Maeve England, Partner at Mogers Drewett is often asked about repairs at the end of a lease and in particular dilapidations – works of repair which the tenant should have carried out, but did not.
Where works have not been properly conducted, the landlord is entitled to be put in the position they would have been in, had the works had been carried out in accordance with the contract, and are entitled to the cost of repairs as well as loss of rent for the period during which repairs are conducted. There is a cap imposed by s18 of the Landlord and Tenant Act 1927 which means that damages cannot exceed the decrease in value of the property as a result of the tenant’s breach of obligations. This is known as the diminution in value.
The usual way of calculating diminution is by valuing the property at the end of the lease without the repairs, and comparing this to the value of the property in the condition it should have been in, had repairs been conducted. The difference is the diminution in value.
In the case of Sunlife v Tiger, the tenant (Tiger) left the premises in poor condition – a clear breach of obligations contained in the lease. The landlord (Sunlife) carried out extensive work in order to re let the property and issued proceedings against Tiger to recover costs. Whilst facts vary from case to case, the Judge’s approach is a useful starting point for all dilapidations cases and a useful checklist for commercial landlords and tenants.
The judge found that; had the tenant left the property in the proper state, the landlord would not have needed to conduct repairs. The Judge posed a number of questions:
- What was the scope of the tenant’s repairing obligations?
- What was the reasonable cost of returning the building to the condition it should have been in, had the tenant made repairs?
- What was the difference between the building value at the expiry of the lease and the condition that it should have been in, had repairs been carried out?’
The court outlined a number of other considerations.
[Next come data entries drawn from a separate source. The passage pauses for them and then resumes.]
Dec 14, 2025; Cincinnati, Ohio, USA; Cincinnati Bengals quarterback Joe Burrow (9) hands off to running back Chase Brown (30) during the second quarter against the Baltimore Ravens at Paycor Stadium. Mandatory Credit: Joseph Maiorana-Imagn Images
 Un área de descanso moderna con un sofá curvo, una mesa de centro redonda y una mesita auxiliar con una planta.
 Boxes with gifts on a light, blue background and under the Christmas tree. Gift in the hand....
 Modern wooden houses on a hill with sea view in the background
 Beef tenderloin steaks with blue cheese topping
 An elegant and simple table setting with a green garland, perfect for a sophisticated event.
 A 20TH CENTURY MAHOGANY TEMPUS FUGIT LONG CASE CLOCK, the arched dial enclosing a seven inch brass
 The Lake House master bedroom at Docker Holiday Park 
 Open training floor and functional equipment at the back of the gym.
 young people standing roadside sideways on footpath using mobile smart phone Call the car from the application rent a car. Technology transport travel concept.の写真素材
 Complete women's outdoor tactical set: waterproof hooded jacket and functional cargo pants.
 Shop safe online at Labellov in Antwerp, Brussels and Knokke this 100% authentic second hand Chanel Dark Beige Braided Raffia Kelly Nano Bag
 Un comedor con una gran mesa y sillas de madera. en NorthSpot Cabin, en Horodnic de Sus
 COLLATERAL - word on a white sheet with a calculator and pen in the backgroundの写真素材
The standard of repair should be judged on the condition of the premises at the time the lease was entered into, not against the condition expected of equivalent premises at the expiry of the lease.
Whilst a tenant is not required to deliver premises with new or state-of-the-art equipment, they are required to replace equipment on a like-for-like or nearest equivalent basis.
If a landlord intends to redevelop the premises or carry out structural alterations which make repairs worthless, no damages are recoverable.
Whilst dilapidations claims are dependent on individual facts in each case and the terms of the particular lease, the case of Tiger is a useful reminder of the law and the approach of the courts, and serves as an aide memoire for tenants and landlords.